TOKYO, Sept. 21 (Xinhua) -- Tokyo stocks extended losses Tuesday with the key nikkei stock index shedding 0.25 percent as caution ahead of the U.S. Federal Reserve's policy meeting erased early gains and the yen's strength against the U.S. dollar continued to weigh on the market mood.
Brokers said that despite robust performances of stocks on Wall Street overnight -- with the Dow Jones Industrial Average ended at a four-month high -- briefly sending the Nikkei to a seven-week intraday high, profit-taking and investors opting to hit on the sidelines ahead of the Fed's meeting chipped away at gains.
"It's natural that we saw falls in stocks given that they have rallied and the FOMC is coming up," said Fumiyuki Nakanishi, general manager at SMBC Friend Securities Co., adding that the focus is on what the U.S. central bank will say in its post- meeting statement.

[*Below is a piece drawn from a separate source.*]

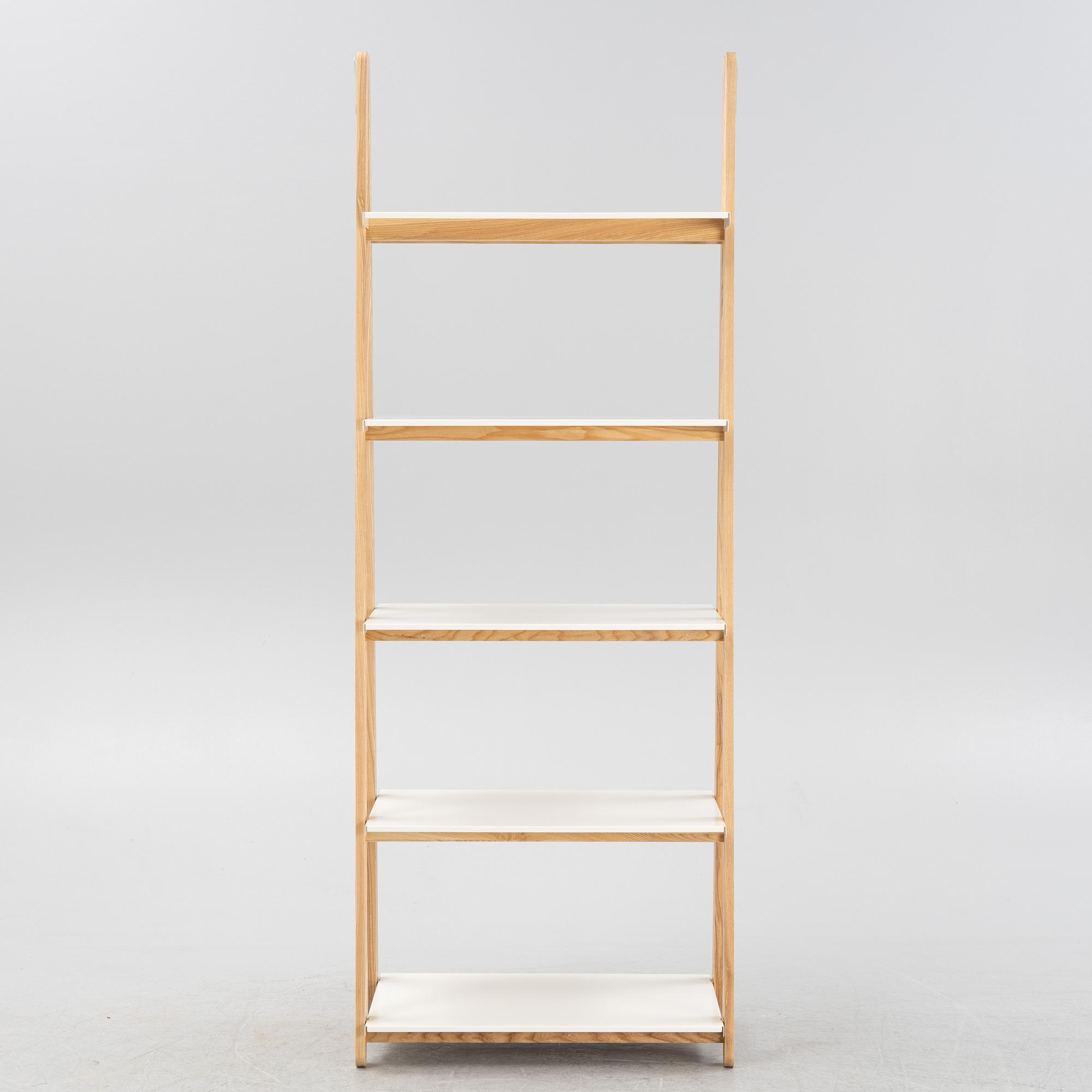 Francis Cayouette, an ash tree, 'One step up' shelf, Normann Copenhagen.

"Eyes are on currency moves after the FOMC, because they would sway Japanese stocks," Nakanishi said.
The 225-issue Nikkei Stock Average ended 23.98 points lower from Friday to 9,602.11, while the broader Topix index of all First Section issues on the Tokyo Stock Exchange was down 2.15 points, or 0.25 percent, to 849.94.
"The intervention helped boost the Nikkei last week but fundamentally nothing's changed either in the U.S. or Japanese economy," said Nagayuki Yamagishi, a strategist at Mitsubishi UFJ Morgan Stanley Securities.
"The fact that Japan did the intervention on its own also means there are limits to the long-term impact."
The yen appreciated on Tuesday to as much as 85.49 against the U.S. dollar in Tokyo from 85.72 at the close of stock trading on Sept. 17.
Against the euro, the yen traded at 111.87 compared with 112.61.
A strong yen has severely hampered japan's export-led recovery as when the yen is strong, Japanese products become less competitive abroad and profits are eroded when repatriated.